RouterOS Version: 7.x+ Difficulty: Intermediate Estimated Time: 45 minutes

For the impatient: here’s the 30-second version.

# Router-on-a-Stick: VLAN interfaces for inter-VLAN routing
/interface vlan add name=vlan100 vlan-id=100 interface=ether2
/interface vlan add name=vlan200 vlan-id=200 interface=ether2
/ip address add address=10.100.0.1/24 interface=vlan100
/ip address add address=10.200.0.1/24 interface=vlan200

Virtual LANs (VLANs) are the foundation of modern network segmentation. On MikroTik RouterOS, there are two fundamentally different approaches to VLAN implementation, and choosing the wrong one is the most common source of confusion and misconfiguration.

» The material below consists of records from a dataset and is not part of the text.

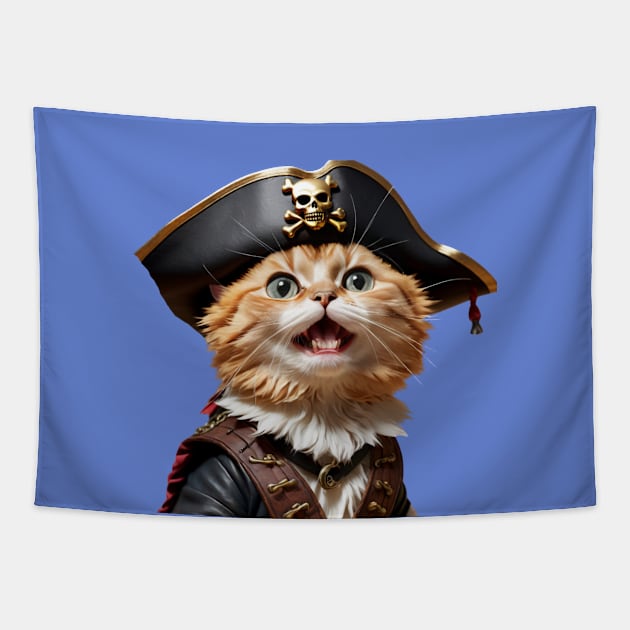 Funny cute vintage steampunk captain pirate cat Tapestry by Tina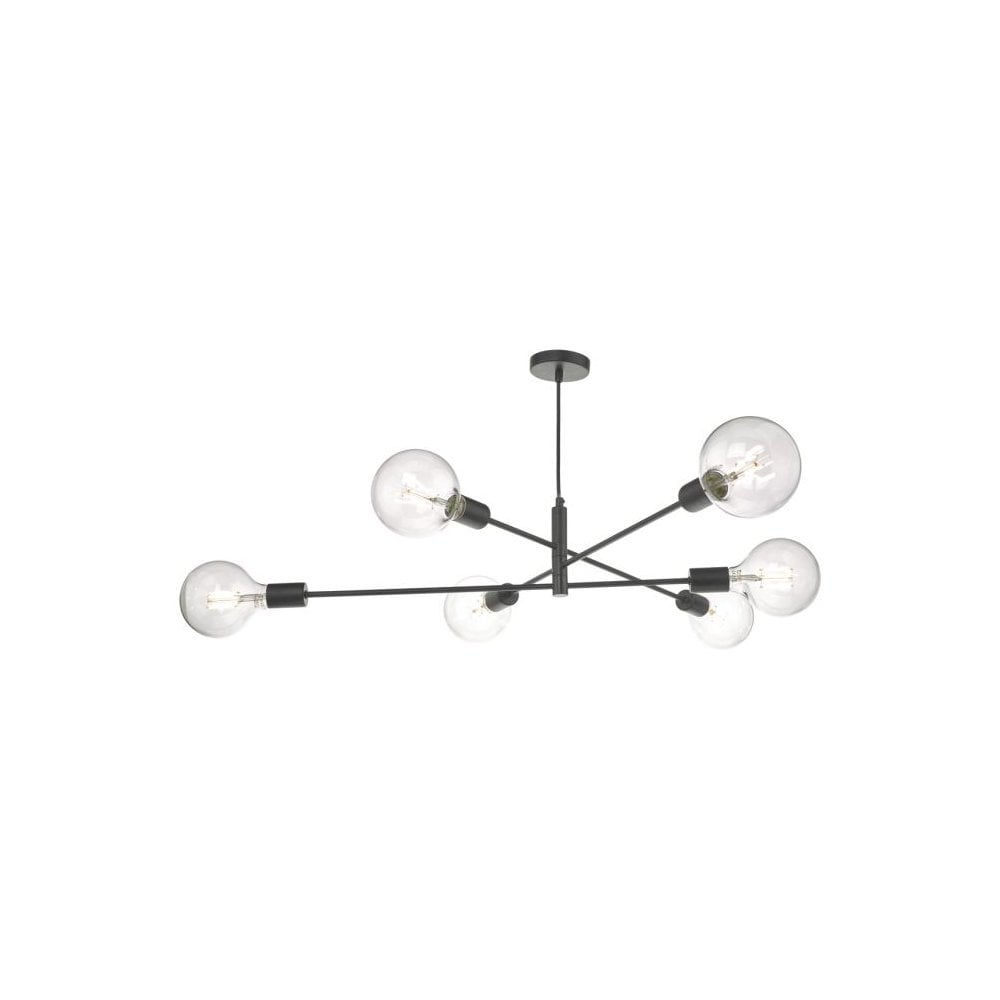 Alana Modern 6 Light Ceiling Pendant Light In Black Finish ALA0622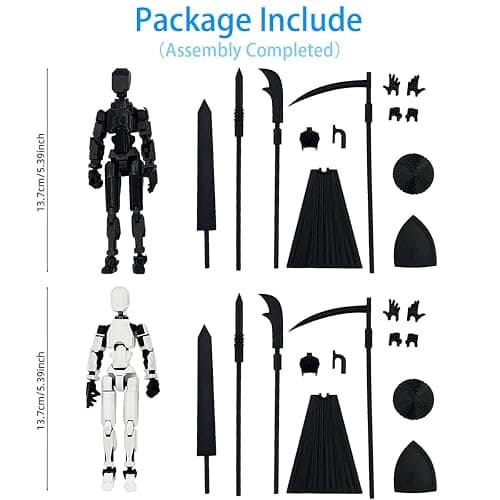SANSGOUP Titan 13 Action Figure Set (Assembly Completed), 3D Printed Multi-Jointed Movable T13 Lucky13 Dummy Mobile Robot, Nova 13 Action Figures Desktop Decorations for Game Lovers Toy (White/Black) thumbnail 7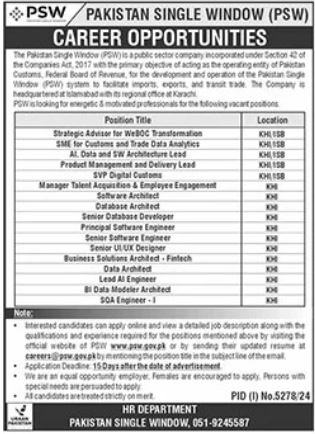 Pakistan Single Window PSW Jobs 2025 Apply Online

This guide explains both approaches, when to use each, and the critical differences that determine whether your network performs efficiently or becomes a troubleshooting nightmare.

A VLAN interface is a virtual interface that tags/untags traffic for a specific VLAN ID. It sits on top of a physical interface or bridge.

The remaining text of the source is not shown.